(Short web captions)
== == ==

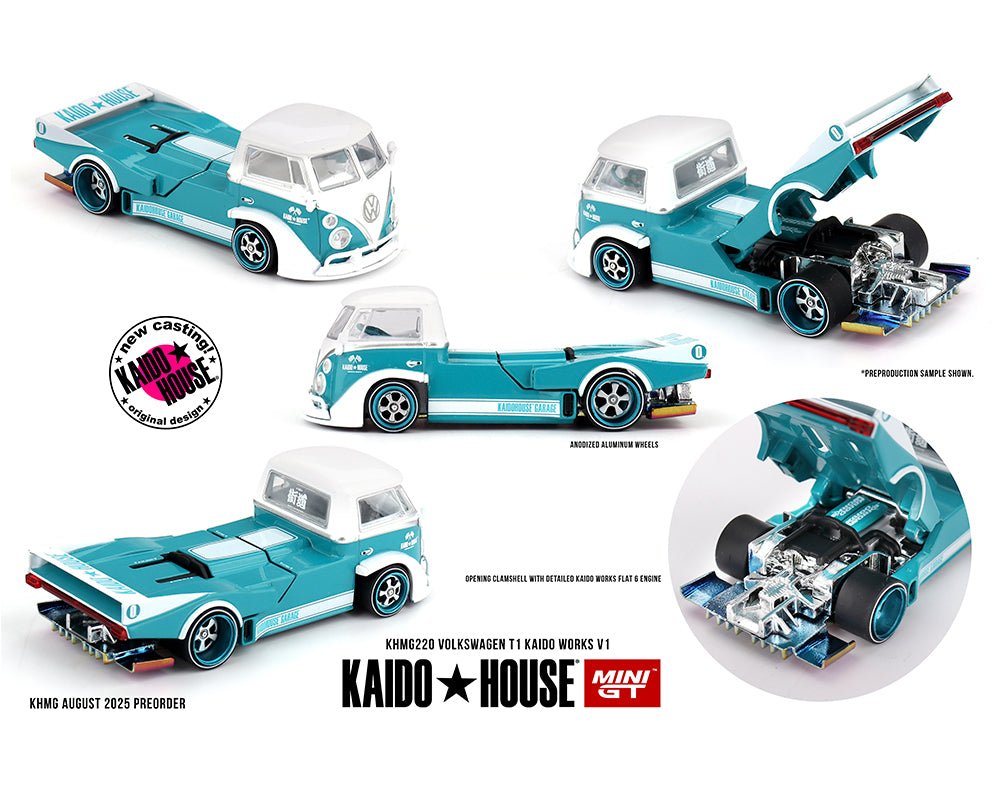 Kaido House x Mini GT Volkswagen T1 Kaido Works V1 1:64 con motor detallado - Chido Toys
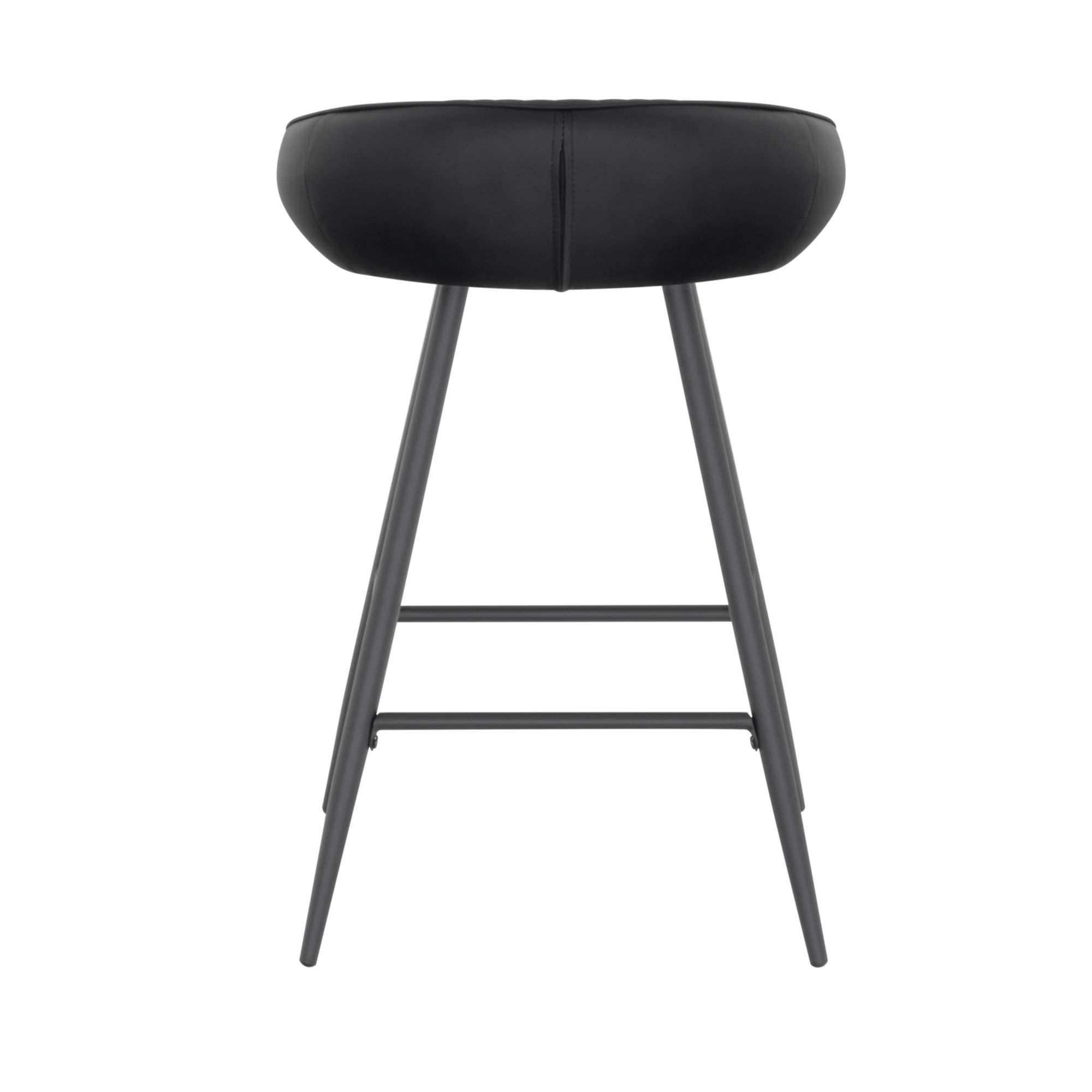 Design Barhocker Pollok im schwarzen Kunstleder 4er Set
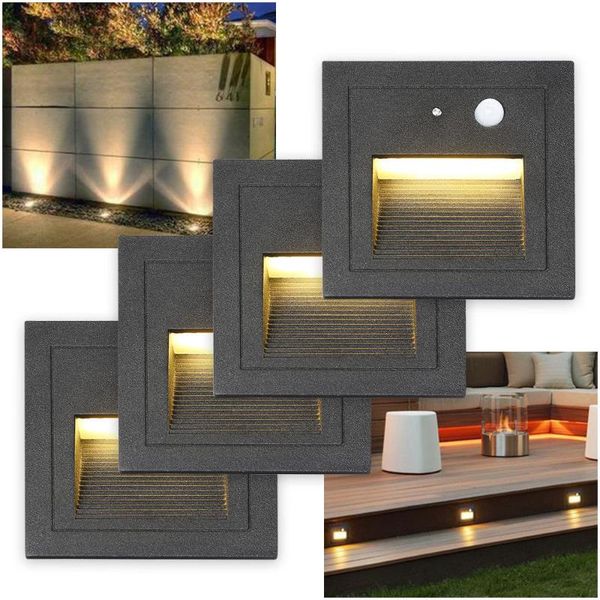 

outdoor wall lamps 4pcs 3w black motion-sensor plinth stair step light corridor corner lamp recessed footlight warm white cool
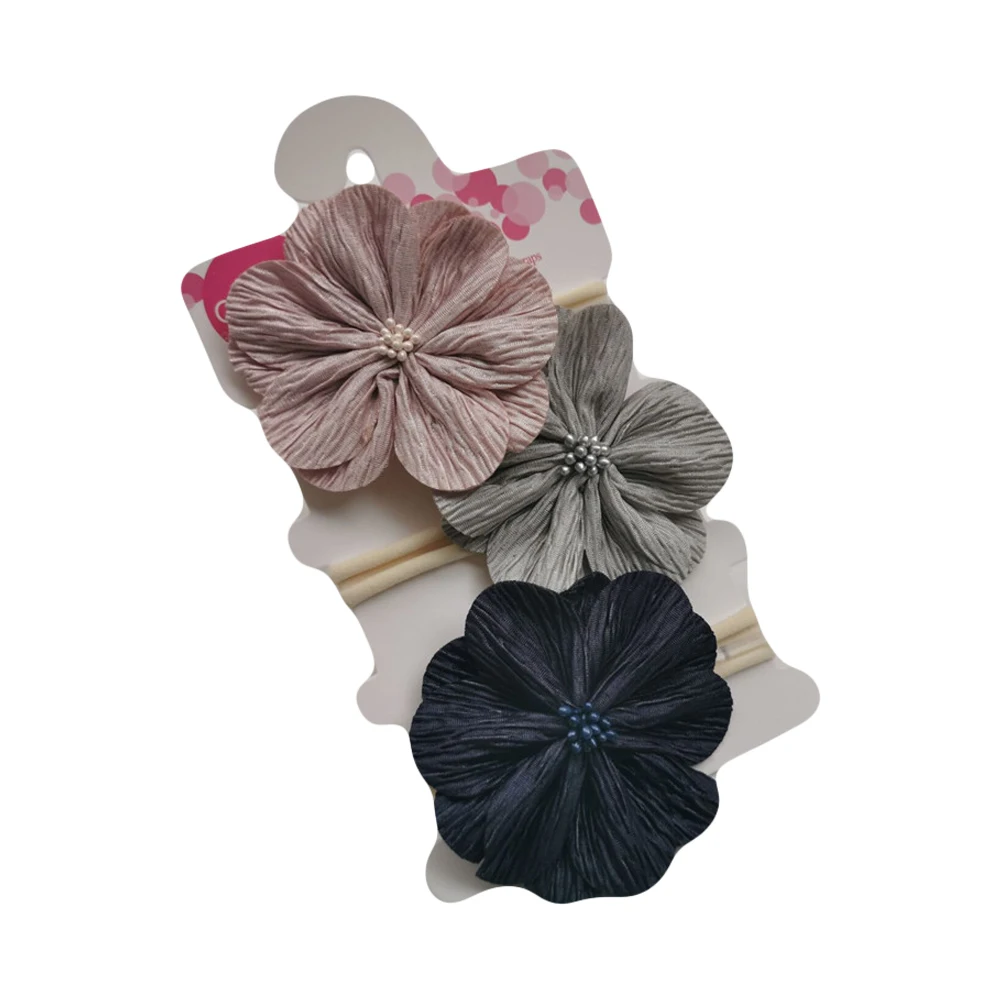 Nishine 3pcs/lot Florals Headband Newborn Baby Elastic Princess Hairbands Children Kids Cute Headwear Gifts Sets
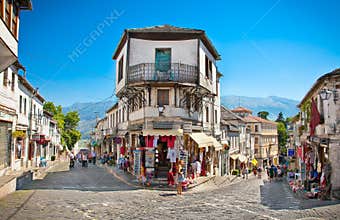 Street scene in Gjirokaster, Albania.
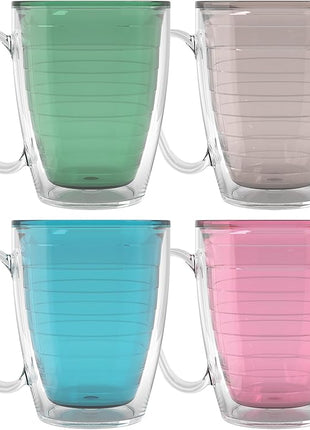Tervis Clear & Colorful Tabletop - Bayou View Collection Made in USA Double Walled Insulated Tumbler Travel Cup Keeps Drinks Cold & Hot, 16oz Mug - 4pk, Assorted Pastels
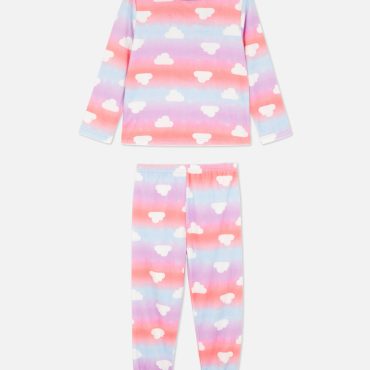 Cloud Print Fleece Pajamas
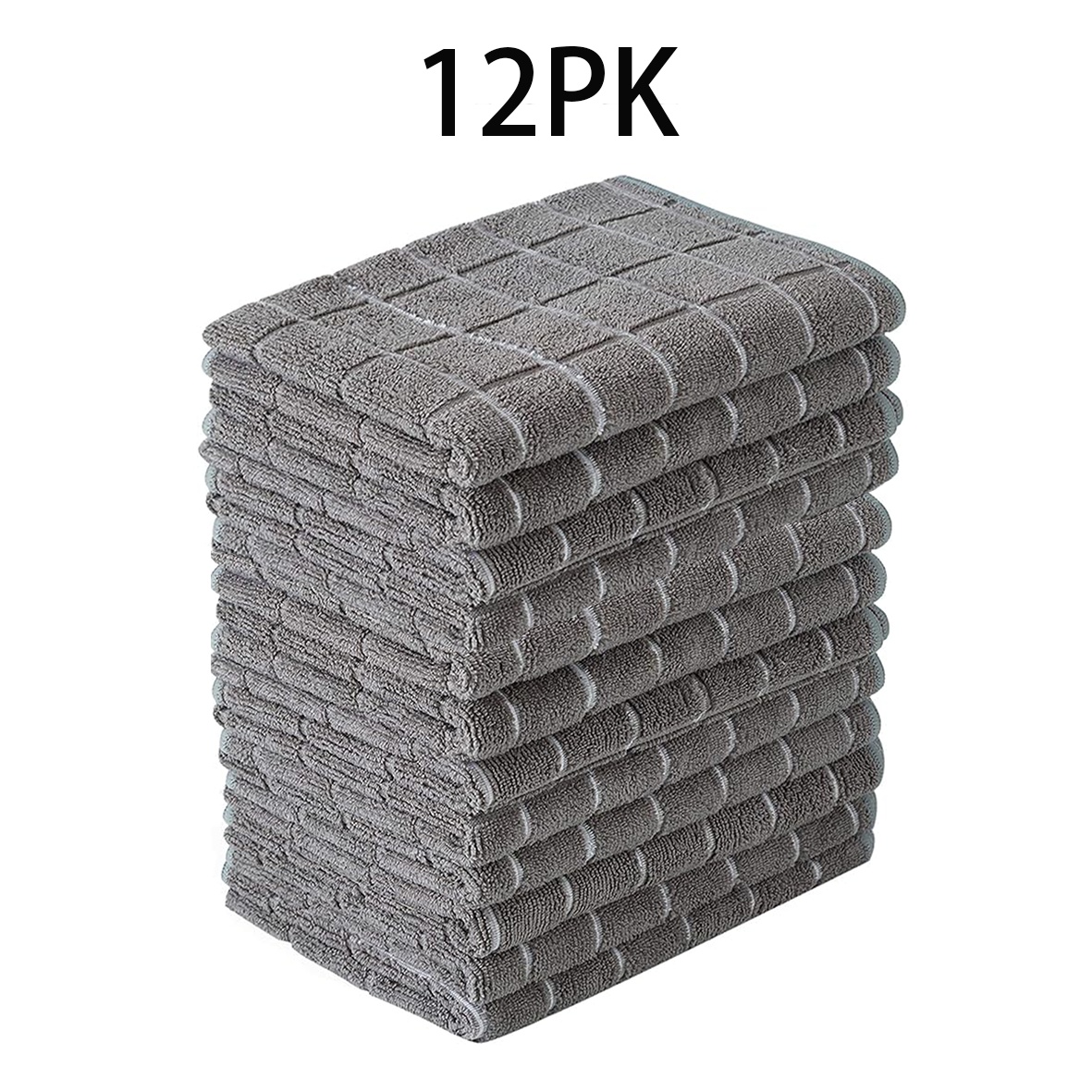 TEMU Microfiber Dish Towels - Soft, Super Absorbent And Lint Free Kitchen Towels(lattice Designed Gray Colors)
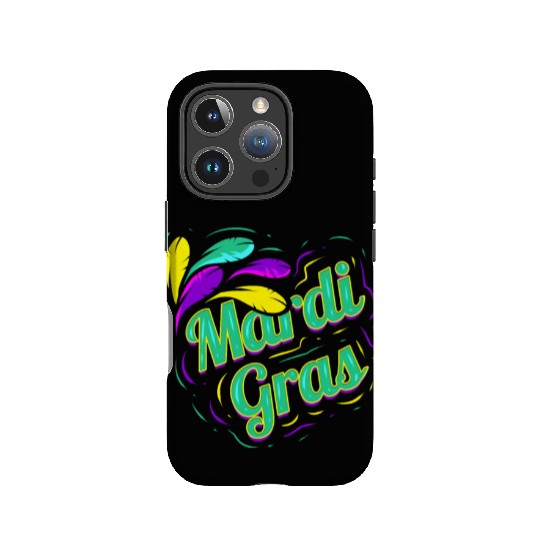 Green Lettering For Mardi Gras IPhone Cases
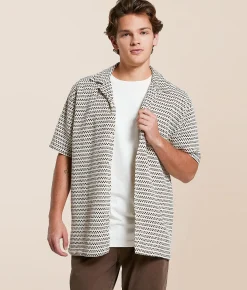 Fried Waters Crochet Shirt Brown & Ecru Online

== == ==

• [ACTIVITY] Your answer must be the full set of entries, set down exactly and without pictures.

• [SOLUTION BELOW]
 Kaido House x Mini GT Volkswagen T1 Kaido Works V1 1:64 con motor detallado - Chido Toys
 Design Barhocker Pollok im schwarzen Kunstleder 4er Set

outdoor wall lamps 4pcs 3w black motion-sensor plinth stair step light corridor corner lamp recessed footlight warm white cool
 Nishine 3pcs/lot Florals Headband Newborn Baby Elastic Princess Hairbands Children Kids Cute Headwear Gifts Sets
 Street scene in Gjirokaster, Albania.
Tervis Clear & Colorful Tabletop - Bayou View Collection Made in USA Double Walled Insulated Tumbler Travel Cup Keeps Drinks Cold & Hot, 16oz Mug - 4pk, Assorted Pastels
 Cloud Print Fleece Pajamas
 TEMU Microfiber Dish Towels - Soft, Super Absorbent And Lint Free Kitchen Towels(lattice Designed Gray Colors)
 Green Lettering For Mardi Gras IPhone Cases
 Fried Waters Crochet Shirt Brown & Ecru Online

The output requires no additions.